次の日のお弁当は素晴らしかった。素晴らしく、“お弁当”だった。私が望んだとおり、卵焼きとからあげがつめられていて、それはいつも横目に見ていた友達のお弁当となんら遜色はなかった。それを見た瞬間、私は誇らしく、お友達や先生、幼稚園中の人に見せてまわりたい気持ちでいっぱいになったが、私はなんとか気持ちを抑えてきちんと自分の椅子に座ってお弁当を食べた。
からあげと卵焼きは楽しみで、少しもったいぶって最後に残して食べた。卵焼きの味はよくわからなかった。ただとても、甘いと思った。からあげはお弁当箱の中で水気を含んでしまってべちょりとしていた。それでもその日のお弁当は“お弁当”だった。
私は望んでいたソレを目の前にしてなぜだか悲しくなった。多分、私はその時母親のあのむつかしい顔をしていた。

「おいしそうー」
気づけば三人の視線が私の手元に集まっていた。
「え」
「お弁当、手込んでるんだね」
「毎日だよね」
「いいなあ。私きんぴらごぼう好き!」
一気にまくしたてられて、またおいていかれる。三人はしゃべりながらも、きちんと自分のお弁当をたいらげていく。こうして返答に迷っている間にも卵焼きがフォークで突き刺される。
「うん、母が作ってくれてるんだ」
やっと答えて、あわててサトイモを口に入れた。
「私もお母さんが作ってくれるよ。
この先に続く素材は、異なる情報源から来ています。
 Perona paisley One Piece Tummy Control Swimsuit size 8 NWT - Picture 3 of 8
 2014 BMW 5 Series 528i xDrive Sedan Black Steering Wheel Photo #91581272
でも、レイショクばっか」
笑ってミートボールを頬張る。
「私も。みんなそうでしょ」
さっき突き刺された卵焼きはもう消えていた。
「自分で作るんだったら絶対全部レイショクになるよね」
一人がそう言うと、あとの二人はうんうん頷いて小さく笑いが起きた。私はタイミングを逃して、ごぼうのきんぴらをはしでつまんだまま少し笑った。
「でも、みゆきのお弁当は全部手づくりっぽいね」
一人がわたしのお弁当をじっと見つめる。伏せ気味になったまつ毛が長くてきれいだ。
「ううん。レイショクだよ」
嘘をついた。それが無意味だともわかっていた。
「本当? みえなーい」
「今日のは夕飯の残りとかが多いから入ってないけど、いつもはレイショク」
レ・イ・ショ・ク。頭の中で反復してみる。この言葉を初めて口にしたということがばれていないだろうか。唇はぎこちなく、自分が言っていることに違和感を感じる。ちらりと様子をうかがってみたが、よくわからなかった。
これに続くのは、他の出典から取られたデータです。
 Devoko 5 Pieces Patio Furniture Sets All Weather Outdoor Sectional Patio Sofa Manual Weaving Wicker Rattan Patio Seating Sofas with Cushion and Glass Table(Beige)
知らない言葉はいちいち質問せずに話の流れで意味を推測する。多分、レイショクは冷凍食品。私が知る限りお弁当にレイショクが入っていたことはない。そのことに対してはなんとも思っていなかったけれど、友達に指摘されてその少しの特別に気づいた。ただ、その少しの特別を知られるのがなんとなく恐かった。

 男の子は私に何の変化も与えなかったのと同様に、彼自身も何の変化も見せなかった。決してこちらを向くことはなく、ただじっと座っているだけ。体操座りで少し丸まった背中は小さい。でも、小人みたいな感じもしなかったし、やっぱり見た目は人間そのものだった。白シャツと黒のパンツは学生服のように見えなくもなく、同じ教室で机を並べていても違和感なく溶け込めそうだ。顔は見たことないけれど、後姿で判断するなら人間で一七,八歳か。いやもしかするともっと上かもしれない。なにしろ顔が見えないのだから、なんとも判断しようがない。
話しかけたことはない。話しかけようと思ったこともない。話しかけ方もわからないし、話す内容も思いつかなかった。私にとって彼は全てが謎でしかなかった。私の中にいるのだし好奇心はあったものの、こういう未知との遭遇というものは初めての経験で、私はどうすればよいのか全く見当がつかなかった。彼は私のことをどう思っているのだろうか。そもそも彼は私の存在を知っているのだろうか。考えれば考えるほど、わからなくなるばかりだ。
わからないことがあるときはどうするべきか、なんて考えてみれば単純なことだった。調べれば良いのだ。とりあえず、インターネットで検索してみることにした。図書館に行くことも考えたが、どう考えても医学的な本やメンタルの本になりそうだったので辞めた。
パソコンは父の書斎に置いてある。勝手に使ったことはないので何とも言えないが、多分怒られることはないだろう。一応母にパソコンを使うことだけ伝えた。母は「そう」と言っただけであとは何も言わなかった。母は私の行動にあまり干渉しない。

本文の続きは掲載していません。